# UBER as Main Job or Side job?



## angesangles (Jul 4, 2017)

Curious to know for people working in UBER, is this your main source of income or a side job?

I must admit I do tutoring as my main job and try to cover costs of the UBER rental as a side job. From week to week I will step on the gas and try to work a few extra hours to purchase a a few additional things.


----------



## letmethehellin (Nov 6, 2016)

The only way you can make it a full time job is if you are willing to do 50 hours a week and your running costs (and general day to day life bills are low) IMHO


----------



## angesangles (Jul 4, 2017)

I definitely you can do it as a full time gig.
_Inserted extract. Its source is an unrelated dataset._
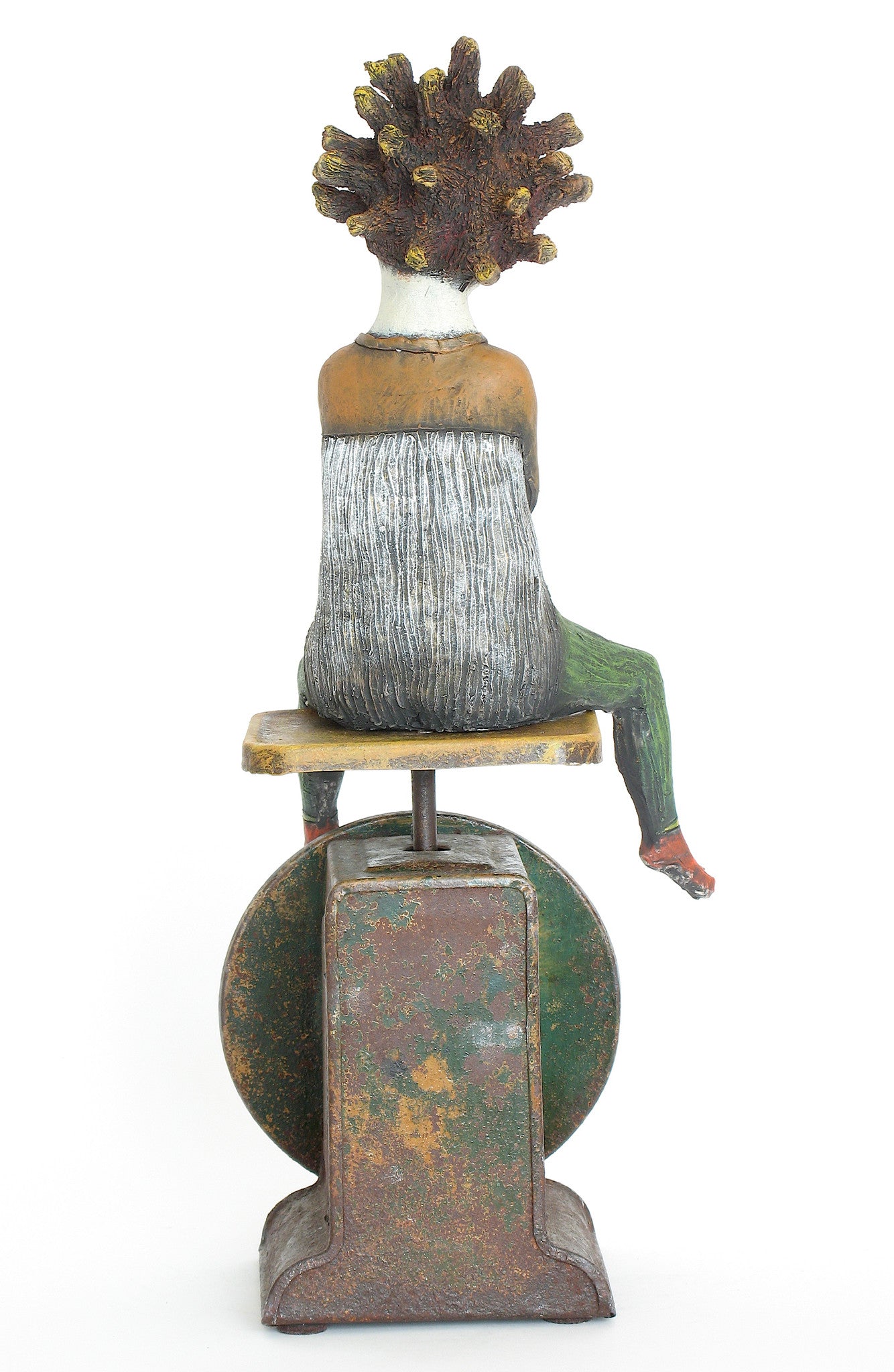 SOLD  "Weighing the Consequences"  original ceramic sculpture with antique scale by Jacquline Hurlbert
Having leased a car in the past , reckon you need to probably need to put in 15 hours to break even. (This is me driving a 2015 Hyundai Accent )


----------



## Cyber Snowflake (Jul 5, 2017)

I do it in between anxiety attacks and filling scripts.


----------



## george manousaridis (Jan 27, 2017)

I wonder if Uber will ever stop saturating the market with new drivers?


----------



## Paul Collins (Dec 12, 2016)

52% of uber drivers drive for 10 hours or less per week. 22% drive for 40+


----------



## sydney_eagle (Jul 21, 2017)

hey guys, i want to register myself as a uber driver. What steps do i need to follow. I also want to take it up a full time job. Is it worth it.


----------



## Cyber Snowflake (Jul 5, 2017)

.​LOL


----------



## Bandy (Jul 26, 2016)

sydney_eagle said:


> hey guys, i want to register myself as a uber driver. What steps do i need to follow. I also want to take it up a full time job. Is it worth it.


First off, go to your doctor and get a script for valdoxan for anxiety control, along with a good hallucinogenic like phencyclidine so everyday is your birthday!

Then you should be good to go...


----------